We have talked about M3 in other threads, and yes is a problem. Particularly beginning last month where other governments did not buy the US debt offerings to pay the balance of payments. Although I cannot prove it, the only other way to pay the debt is for the FED to buy US treasuries to pay the bills. This means more dollars in circulation, and less value to those who hold dollar debt in Europe, China, and Japan. The difference comes out in the exchange rate of dollars to euros.
Remember that at the end of 2002, a dollar bought 1.12 euros. Now 4 years later, a dollar buys .76 euros – a decline of 36% in a little under 4 years. So in theory, the price of European goods and services should have gone up 36% because the dollar decline by that much, but they have not. The Europeans, China, and Japan, et al are continuing to eat the losses to keep selling to the US consumers. But not forever.

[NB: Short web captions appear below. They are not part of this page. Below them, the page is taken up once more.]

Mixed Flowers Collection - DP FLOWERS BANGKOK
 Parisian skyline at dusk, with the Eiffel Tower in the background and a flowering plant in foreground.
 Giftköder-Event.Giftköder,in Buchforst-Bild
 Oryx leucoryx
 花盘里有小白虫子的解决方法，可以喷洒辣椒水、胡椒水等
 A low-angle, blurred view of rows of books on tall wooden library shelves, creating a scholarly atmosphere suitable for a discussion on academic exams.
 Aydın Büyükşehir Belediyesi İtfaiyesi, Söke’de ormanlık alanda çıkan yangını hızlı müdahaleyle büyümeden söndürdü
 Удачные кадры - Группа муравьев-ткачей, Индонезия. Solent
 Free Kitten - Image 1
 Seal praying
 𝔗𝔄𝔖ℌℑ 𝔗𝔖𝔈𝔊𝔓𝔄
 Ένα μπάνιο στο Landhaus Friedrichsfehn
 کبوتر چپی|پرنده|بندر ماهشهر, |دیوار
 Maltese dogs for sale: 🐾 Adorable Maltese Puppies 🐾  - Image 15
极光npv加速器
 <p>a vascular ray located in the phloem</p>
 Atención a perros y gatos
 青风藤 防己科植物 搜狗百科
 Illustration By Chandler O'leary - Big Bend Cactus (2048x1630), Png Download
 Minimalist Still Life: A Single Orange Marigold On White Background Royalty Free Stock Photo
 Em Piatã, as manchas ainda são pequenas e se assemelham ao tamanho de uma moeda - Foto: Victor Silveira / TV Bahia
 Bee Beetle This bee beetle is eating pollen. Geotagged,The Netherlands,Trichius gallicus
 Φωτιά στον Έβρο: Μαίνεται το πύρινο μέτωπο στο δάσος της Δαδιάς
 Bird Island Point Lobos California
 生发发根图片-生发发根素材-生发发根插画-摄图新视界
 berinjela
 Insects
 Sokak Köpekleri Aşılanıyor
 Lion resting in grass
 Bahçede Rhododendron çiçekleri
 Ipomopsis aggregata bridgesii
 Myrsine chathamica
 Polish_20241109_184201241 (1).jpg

China which is holding/was holding about a trillion dollars in reserves has said they are going to diversify into other currencies. And last month we saw the result. Not enough foreign buyers for dollar debt. When you wrote the earlier thread about foreign banks diversifying out of dollars (earlier this month, or last month) it was .78 dollars per euro, now it is .76, a loss of 2.56%. The more US debt the FED buys, the faster the growth of M3. Sooner or later out foreign suppliers will need to raise prices to offset the dollar devaluations, and then inflation will hit 10+ percent.